My command is as follows, and produces expected results:
java -jar trimmomatic-0.33.jar PE 01_R1.fastq 01_R2.fastq 01_R1-trimpair.fastq 01_R1-trimunpair.fastq 01_R2-trimpair.fastq 01_R2-trimunpair.fastq ILLUMINACLIP:TruSeq3-PE.fa:2:20:7 TRAILING:3 MINLEN:36
However, I can't work out how to direct how many nodes to use (the word node or core doesn't exist in the trimmomatic manual) Edit: Found it under -threads. When run I am shown a message:
Multiple cores found: Using 16 threads
However, I have more available as I am submitting these jobs to a large compute cluster. If I assign 2 cores or 16 or 32, I still get the same message.
Finally, testing on one sample completed in 1000min wall time assigned to it (16 cores) and so I submitted the full 16 samples to the compute queue, but each job failed at ~50% completion as it timed out after 1000min. This makes me wonder if it's being limited by memory constraints, which when running alone it was able to inflate but with the parallel jobs running perhaps competed and slowed down. But that's speculation, I don't know if it works like that. Alternatively, could it be java that's limiting mem and I should push it higher with -Xmx?

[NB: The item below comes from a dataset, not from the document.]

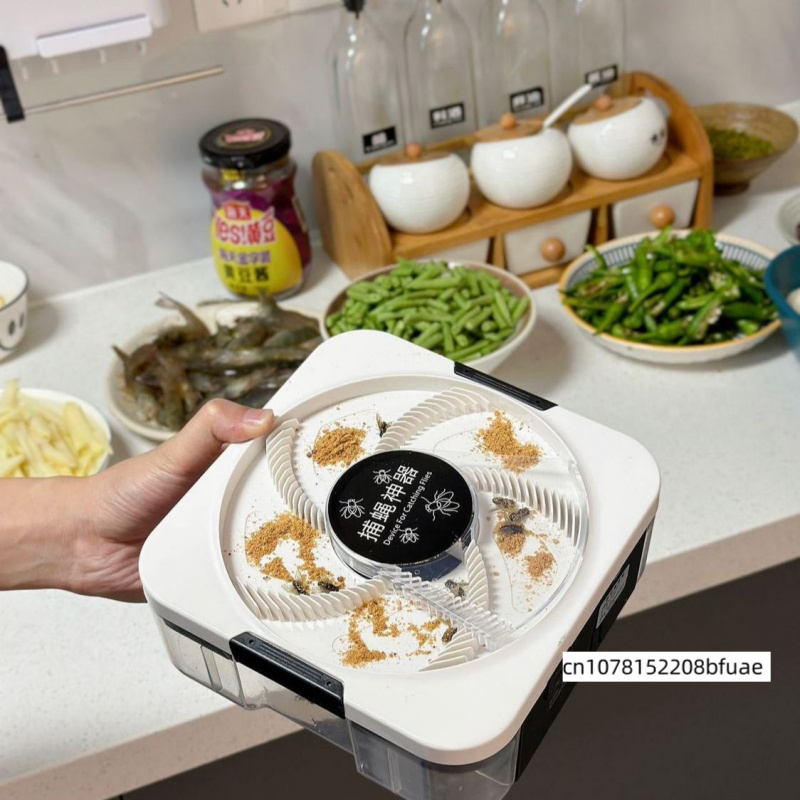 Automatic Fly Trap USB Powered - Outdoor Kitchen Power recension och pris
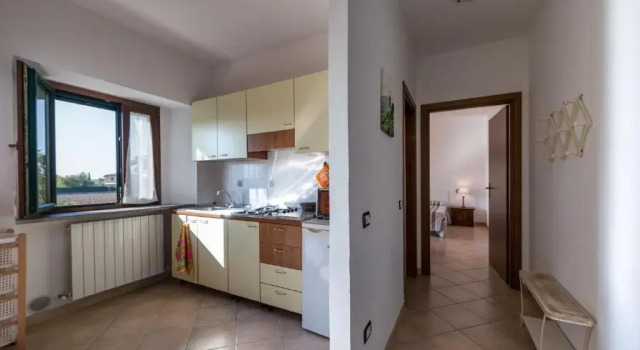 Апартаменты Standard Agriturismo Le Vecchie Scuole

Alternatively, I'm not tied to trimmomatic and would use a different illumina adaptor filter if anyone could recommend one.
Thanks.
I wonder if the limiting factor wouldn't be the I/O (reading/writing the fastq files) rather than the CPU (processing the reads) or the memory. I don't know for sure so it would be nice if someone could confirm this.